What are five things you would change about current homeless services?
- Allow pregnant homeless youth or parenting homeless parents to be eligible for child care, prior to finding employment or enrolling in school.
- Have shelters and facilities specifically for Transitional Age Youth, as well as staff who are willing to go to the youth. Even if it’s unsafe.
- Have access to services in the shelters, such as job training, job linkage, and more.
- We need to find better ways to assess a youth’s needs, then have staff to help them with those needs. Everyone needs to be treated the same way.
- If a youth has family or friends who can provide housing, offer the youth transportation assistance to get to their family or friends.
- In the shelter, having to plan where to be each day makes it difficult to address needs and think with a clear head. I would change this rule.
- Programs unconsciously reinforce survival instincts and need to focus on changing those instincts.
What was most helpful to you going through Huckleberry House program(s)?

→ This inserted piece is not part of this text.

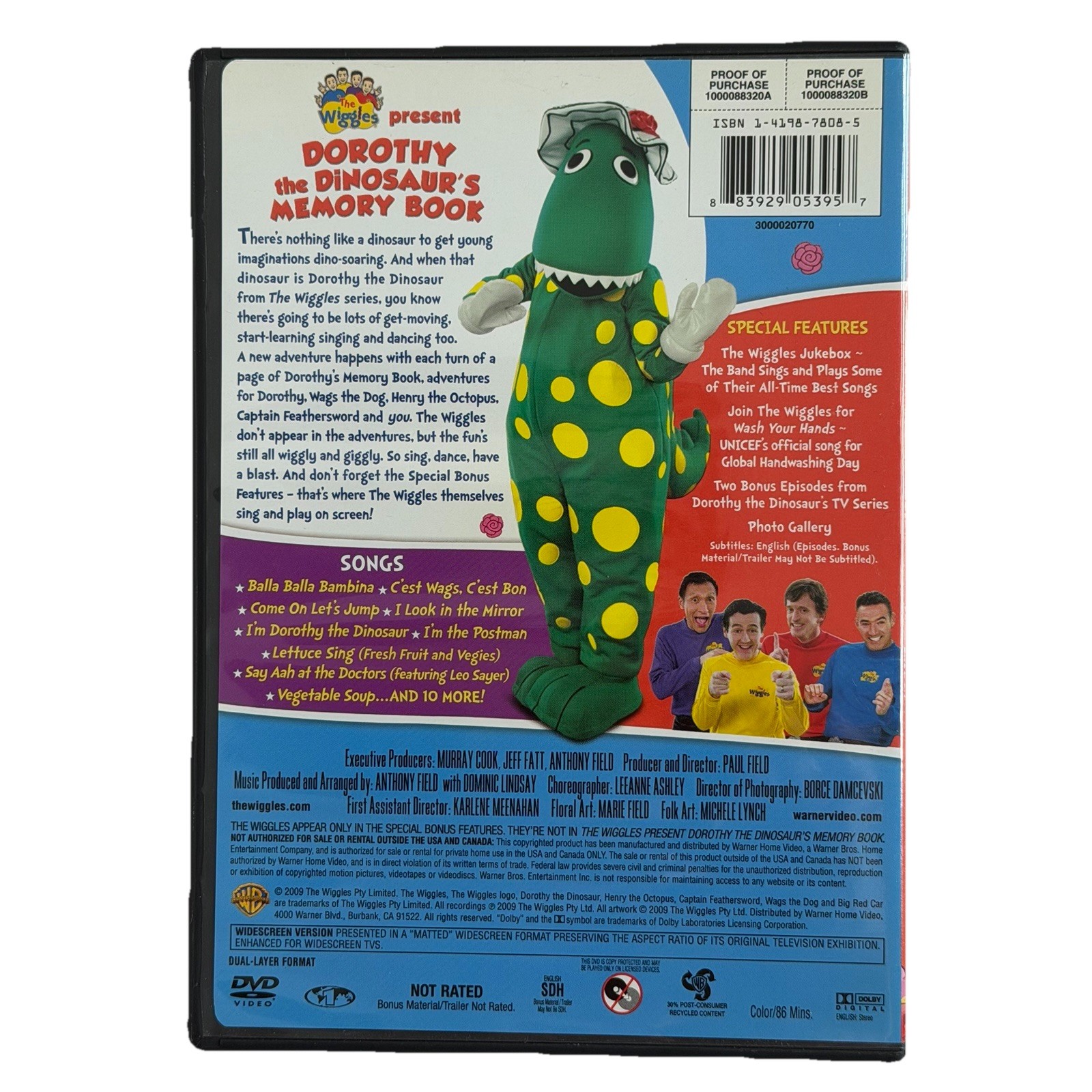 The Wiggles Dorothy the Dinosaur ( DVD, 2009 ) Kids Musical Sing Excellent Cond.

Destiny H: The staff I have worked with are helpful, they care, and I immediately felt I could trust them. At other agencies for Transitional Age Youth, I like that there is chaos with boundaries. We can make our own decisions, able to roam, have access to a gym, access to laundry, and are safe. We don’t have to worry about our stuff being stolen or not sleeping at night or worse. Transitional Age Youth want boundaries, safety, and nonjudgmental interactions with other people.
ANYONMOUS YOUTH: TLP “gives you room to breathe.” Staff also know and are accepting of when you fall off the wagon.
What else do you want people to know about your experience being homeless?
Destiny H: I have felt different and questioned the “system” since I was young. When I was diagnosed with ADHD/ADD, I was excluded from traditional classrooms and my peers at school started to bully me. Now, I am trying to make it on my own without any government assistance, after being homeless. When you have been homeless, you have to live differently and moving into housing is hard. I used to wake up in the middle of the night, in my new apartment, worrying someone would steal my stuff. Then I remembered where I was, but I was already having a panic attack.
ANYONMOUS YOUTH: I want people to understand that homeless persons or persons using welfare aren’t a stereotype of abusing the system, but people trying to get on their feet with no support. When your family isn’t there to support you, the system becomes your support. “We’re just people.” I want someone experiencing homelessness to know you don’t need to be embarrassed.